Mattar Paneer ( peas with cheese )
Palak Paneer ( spinach with cheese)
Vegetable (Navratan) Korma  kinda of like a mixed vegetables with a creamy sauce

I love all the breads, all the basmati rice variations.

What I usually like doing is going to the Indian restaurant during the buffet.  This allows me to sample many different things.  Because I havnt tried many things, when i go to the restaurant, I dont know what to order, so I get the same (safe) thing over and over.  By trying new things at the buffet,  I develop new favorites.


----------



## whole milk (Jan 5, 2009)

I hear you on the spices.  When I decided I was going to start cooking Indian food I went online, with my cookbook by my side, and ordered every spice and herb listed, the different kinds of beans, rose water, etc and spent over 200 USD.  (I'm in Japan, so if I don't order it online, I'll never find it.)

Funny story, when I got the first box I could smell something most foul but vaguely familiar.  It was Hing.  It's the one spice that isn't in my kitchen:  I keep it outside in a little enclosed area; but I love the taste, and I use it often.   

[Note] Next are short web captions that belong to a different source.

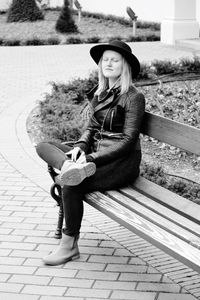 Full length portrait of young woman sitting on footpath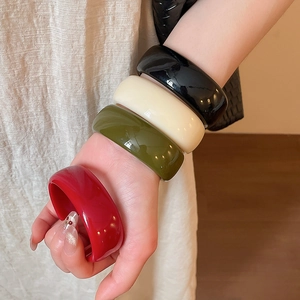 Gros plan de quatre bracelets en résine acrylique noire, crème, olive et rouge sur un poignet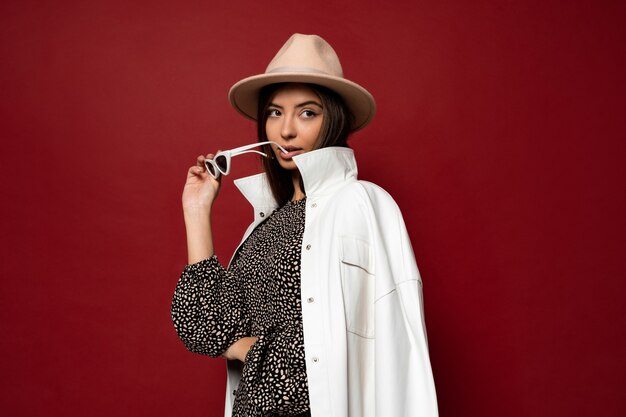 Mode portrait de belle femme brune maigre élégante avec un manteau blanc habillé et un chapeau beige tenant des lunettes de soleil. Style de mode tendance automne ou hiver.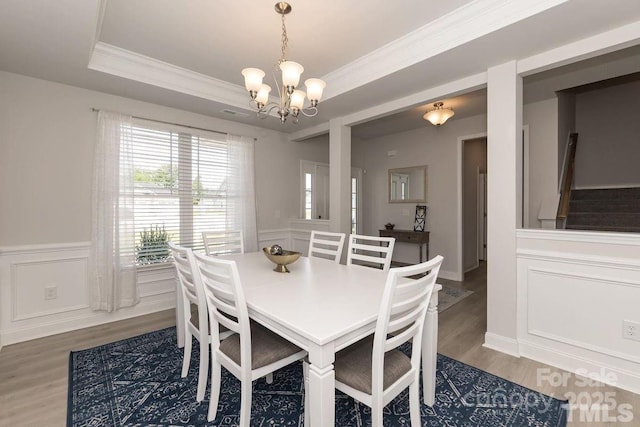 dining room featuring wood finished floors, an inviting chandelier, a wainscoted wall, crown molding, and a tray ceiling
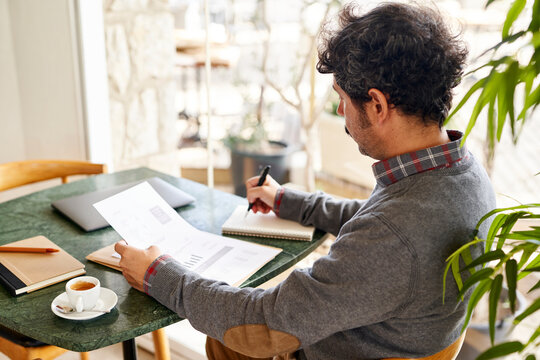 Businessman doing paperwork and taking notes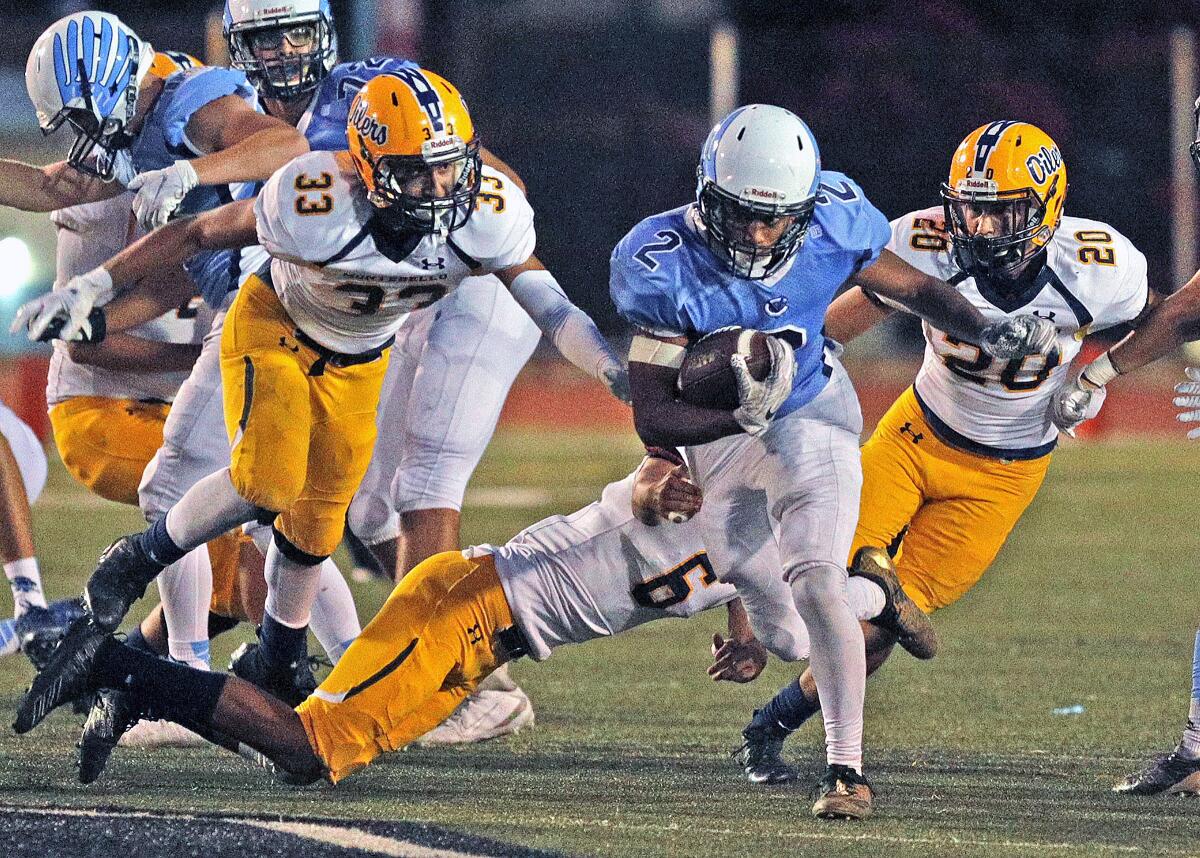 Crescenta Valley High's Maximus Grant runs between and ahead of the Montebello defense in Thursday's nonleague game at Moyse Field.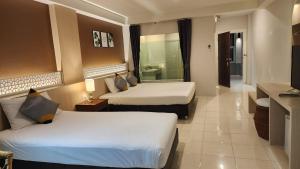 Katil atau katil-katil dalam bilik di iRest Ao Nang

And thanks everyone for posting websites, it's giving me a lot to read and see.


----------



## vyapti (Jan 5, 2009)

larry_stewart said:


> The on thing to be ware of is Indian cooking usually requires many many spices that you probably dont have on hand ( initially).  When I first started, I must have spent over $80 in spices just to make sure I had a full assortment.  The good thing is that by only requiring a teastpoon here, teaspoon there, the spices last a long time.  Just make sure you store them properly.
> 
> larry



The bulk bin is a great place to start for spices.  You can buy just a teaspoon and, if you don't use it again, you're not out much.


----------



## anatogonon (Jan 6, 2009)

I've been wanting to try to cook some Indian food but somehow undecided because I'm not sure if my kids will love it. Maybe I'll just try some recipes and give it a little twist to suit my kids taste


----------



## whole milk (Jan 6, 2009)

anatogonon said:


> I've been wanting to try to cook some Indian food but somehow undecided because I'm not sure if my kids will love it. Maybe I'll just try some recipes and give it a little twist to suit my kids taste



How old are you kids?  I think the older they get the more likely they'll be to trying new stuff.  You might try starting them with chutney and/or the breads with the sweetened stuffing in the middle (I think they're called Aloo Paratha), I can't imagine a kid not loving that.


----------



## miniman (Jan 6, 2009)

I just made a biriyani using the Marks & Spencer curry bible. It was very delicately spiced and no chilli so children would love it.


----------



## jennyhill (Jan 14, 2009)

I had once came across Tarladalal.com :: Indian Recipes, Indian Food, Healthy Low Cal recipes., Found all kind of Indian recipes there. But I don't try any recipes at home. I visit restaurants whenever I feel like eating vegetarian food.


----------



## Fearless Kitchen (Jan 14, 2009)

vyapti said:


> The bulk bin is a great place to start for spices. You can buy just a teaspoon and, if you don't use it again, you're not out much.


 
If you have an Indian market nearby, you can often get the spices at a much lower price.  It's also easier to find the spices here.


----------



## sketch182 (Jan 14, 2009)

whole milk said:


> How old are you kids? I think the older they get the more likely they'll be to trying new stuff. You might try starting them with chutney and/or the breads with the sweetened stuffing in the middle (I think they're called Aloo Paratha), I can't imagine a kid not loving that.


 
If only I could get my wife to warm up to Indian food.  I love it and I think that my kids (teens & 20s) will like it if I could just get my wife to give it a try.  Like anatogonon, I suppose I will just try something mild-bland and see how it works out.


----------



## radhuni (Jan 15, 2009)

veg or non veg recipe?

What will they prefer ? sweet or salty?


----------



## Maverick2272 (Jan 15, 2009)

larry_stewart said:


> Favorite dishes.
> Being a vegetarian, some of my favorites are.
> Mattar Paneer ( peas with cheese )
> Palak Paneer ( spinach with cheese)
> ...



We have a couple of places around here that have good Indian buffets as well, but often they put up descriptions of the dishes instead of the names so it can be hard to find a recipe and duplicate it, LOL.
But, you named two of our favorites:
Mattar Paneer and Palak Paneer. Anybody got any TNT recipes for these? I know I can find them on the links provided, but I like recipes already in use and tried out LOL.
Thanks!


----------



## sketch182 (Jan 15, 2009)

radhuni said:


> veg or non veg recipe?
> 
> What will they prefer ? sweet or salty?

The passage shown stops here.